Y sospechosos o implicados en corrupción los tenemos de todas las ideología, izquierda y derecha (entiéndase Pepiño Blanco, Jaime Matas, los E.R.E.´s andaluces, Iván Chaves….), de cualquier posición social (y ahí está Urdangarín, miembro “político” de la familia Real)… pero es que, encima, el ciudadano de a pié percibe que la justicia no es justa, que actúa de forma diferente según de quien se trate ¿o quien cree hoy día que todos somos iguales ante la ley? La idea que ha prendido con fuerza en el pueblo llano es que aquí pagamos los de siempre, los de a pie, porque los de arriba… son otra cosa y se les permite “hacer” impunemente.

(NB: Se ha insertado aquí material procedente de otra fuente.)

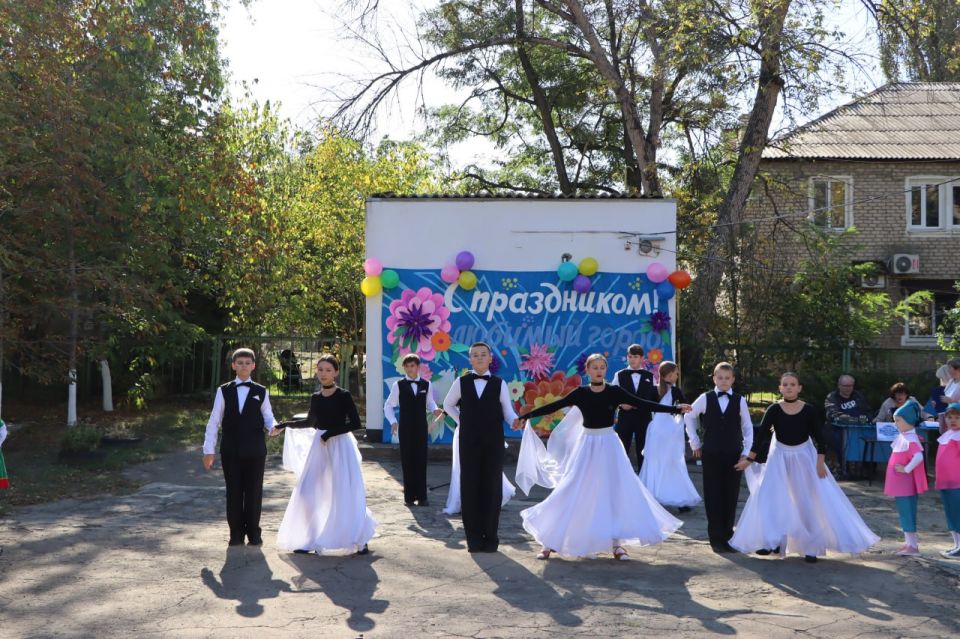 «Дворик чудес» собрал юных лутугинцев на праздник «Дворик чудес» собрал юных лутугинцев на праздник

Asi, y se puede apreciar en los distintos programas de debate de nuestras muchas cadenas televisivas, la gente, el pueblo, cada vez cree menos en los políticos, cada vez pone más en tela de juicio a las instituciones y ya se empieza a oir con demasiada frecuencia algo muy grave y muy peligroso: “son todos iguales”. Muy grave porque es un síntoma de desconfianza del pueblo hacia sus gobernantes y hacia sus instituciones y muy peligroso porque esto puede acabar en un desencanto total cuyo final más optimista pudiera ser que el pueblo de la espalda a sus políticos, a sus instituciones, a sus gobernantes. ¿Y qué puede pasar entonces? Yo creo que eso sería gravísimo y podría tener cualquier final imprevisible y nada positivo para nadie, y menos para nuestros políticos, a no ser que, de verdad “sean todos iguales”. Yo estoy convencido de que no, de que hay mucha gente decente en la política, gente altruista que busca el bien ajeno antes que el enriquecimiento propio y fácil, yo y creo que todos nosotros, conocemos a algunos. En el tejado de esos políticos honestos, que los hay, está el que esto cambie, que el que el que la haga la pague y ningún partido “tape” a ningún corrupto, a ningún “sinvergüenza”, es la hora de su “rebelión interna” si no quieren que pueda llegar otra rebelión muy peligrosa, es hora de que, aquellos a los que les corresponde hacerlo, empiecen a trabajar por devolver la credibilidad a los políticos y a las instituciones, empiecen a apartar a todo el que está manchando el nombre de sus partidos y de nuestras instituciones. Es hora de que el pueblo llano empiece a ver que esas malas gentes van a la cárcel, haciéndoles devolver antes lo que han robado, pero ya no basta con palabras, el pueblo sencillo pide hechos. Es hora de que esos partidos dejen de pelearse por defender sus intereses de partido y se dediquen a trabajar por el pueblo, por nuestro país, por España… Es hora….

¿O tendremos que dar la razón a los que nos dicen que todos los políticos son iguales?